**Work to be completed**
From the material below, reproduce exactly the stretch of lines that begins with the line holding "ESV My Creative" and ends with the line holding "Women's Square Toe", skipping the pictures.
***** Data for processing *****
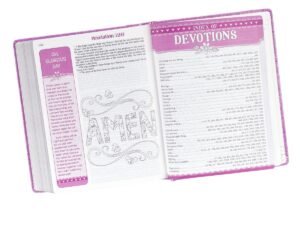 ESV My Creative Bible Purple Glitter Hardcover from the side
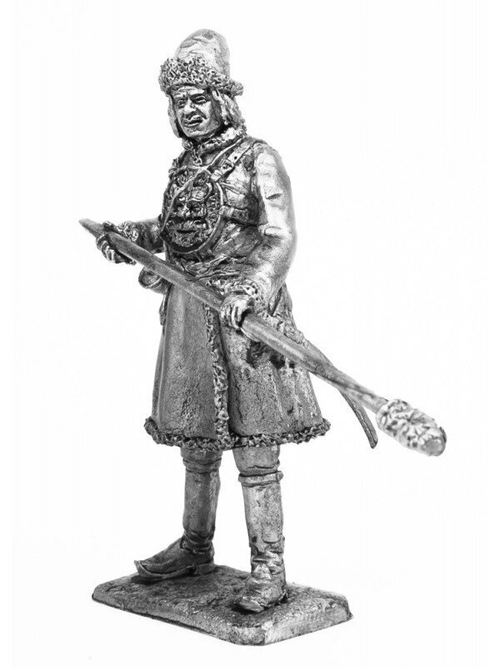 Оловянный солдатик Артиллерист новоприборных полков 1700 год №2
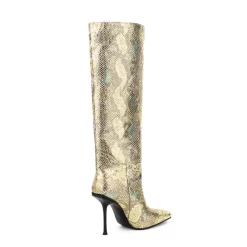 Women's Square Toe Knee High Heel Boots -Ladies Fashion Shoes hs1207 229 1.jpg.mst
*****
***** Data for processing *****
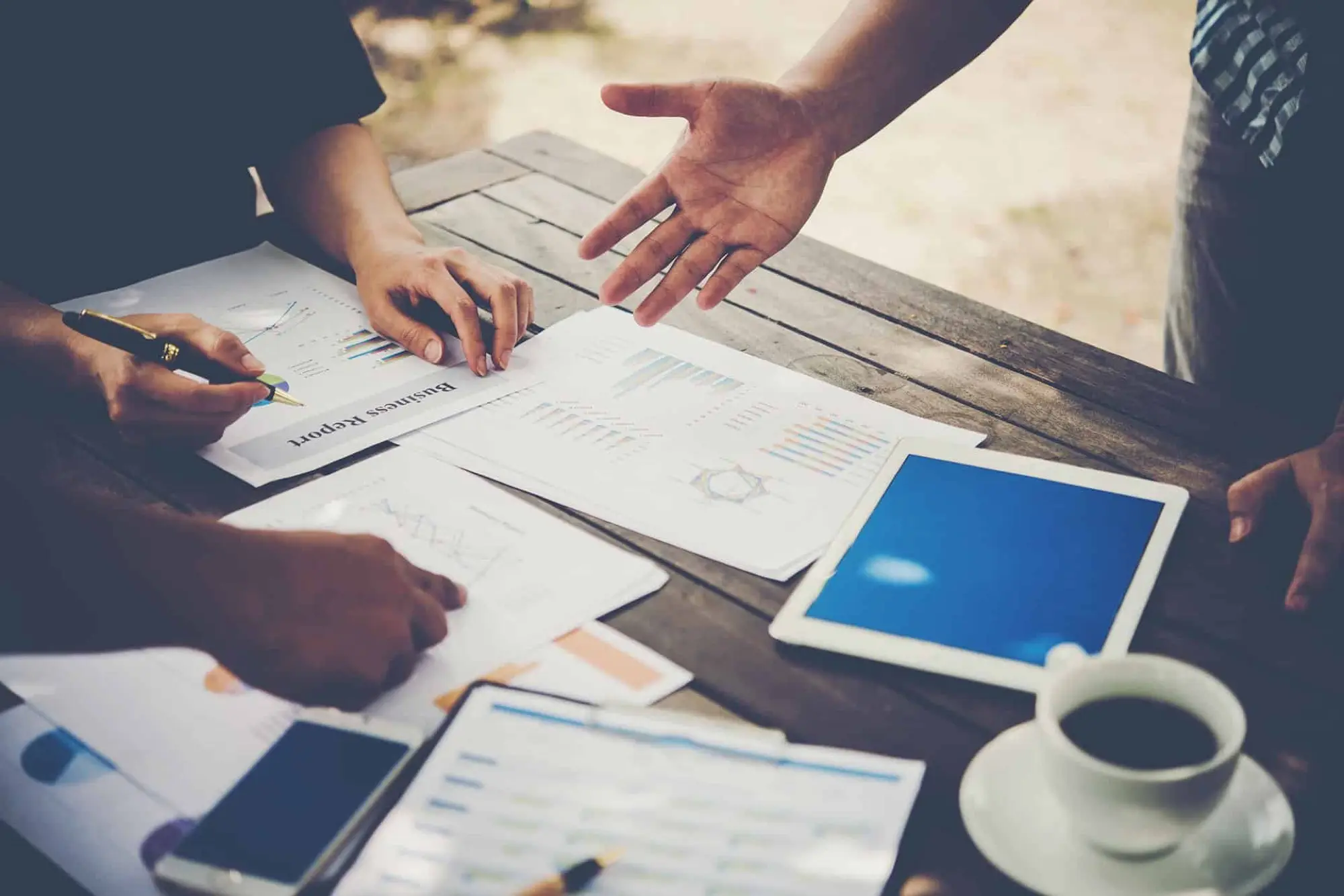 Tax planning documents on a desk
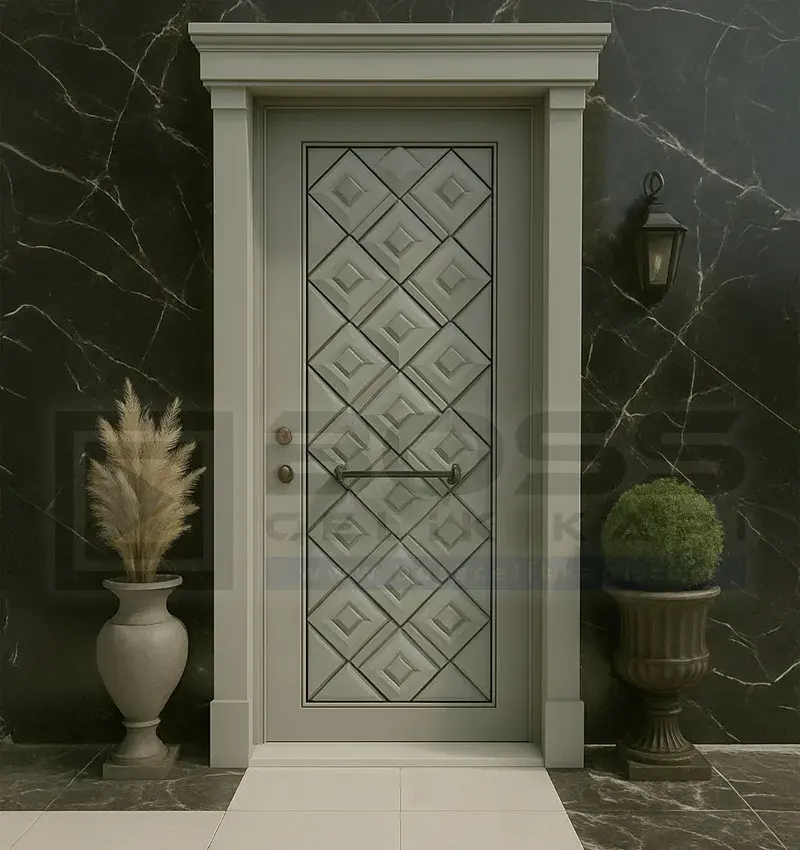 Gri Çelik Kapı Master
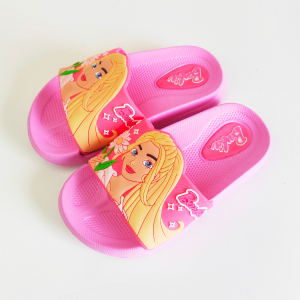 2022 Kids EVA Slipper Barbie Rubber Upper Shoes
*****
***** Data for processing *****
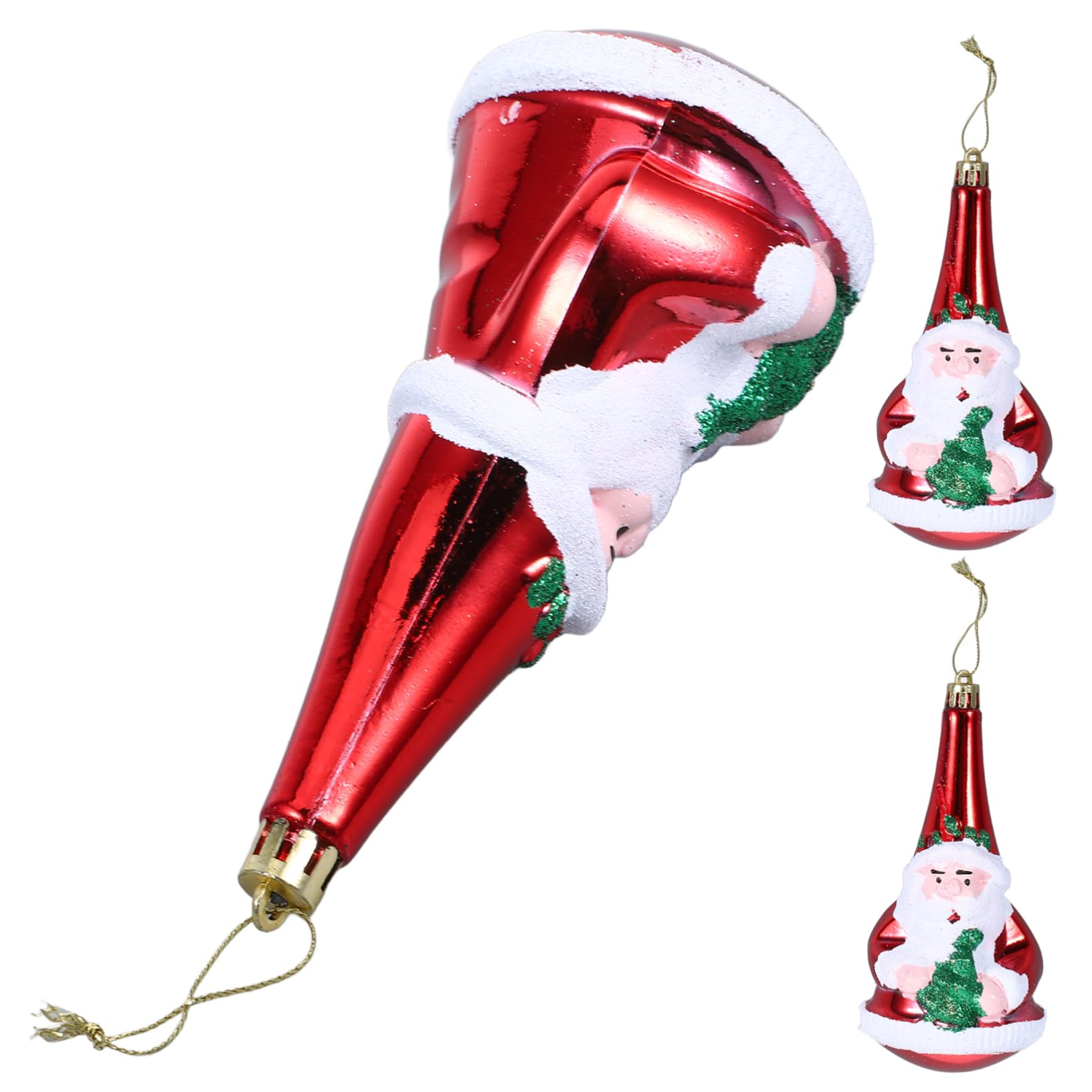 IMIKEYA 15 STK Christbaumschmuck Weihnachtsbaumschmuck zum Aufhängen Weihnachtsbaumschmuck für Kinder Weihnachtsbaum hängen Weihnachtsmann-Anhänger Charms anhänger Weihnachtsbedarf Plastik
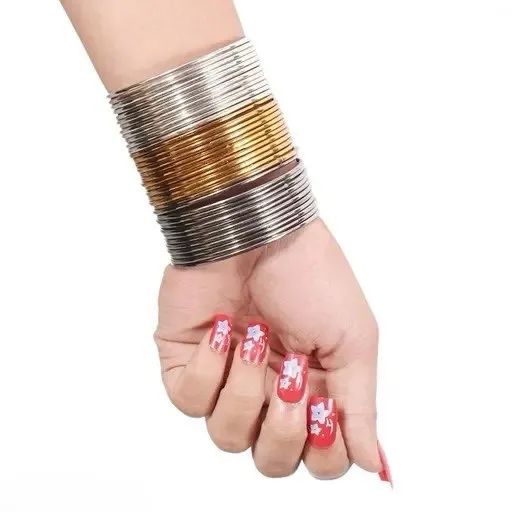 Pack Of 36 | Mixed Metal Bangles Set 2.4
*****
**Result of this exercise**
 ESV My Creative Bible Purple Glitter Hardcover from the side
 Оловянный солдатик Артиллерист новоприборных полков 1700 год №2
 Women's Square Toe Knee High Heel Boots -Ladies Fashion Shoes hs1207 229 1.jpg.mst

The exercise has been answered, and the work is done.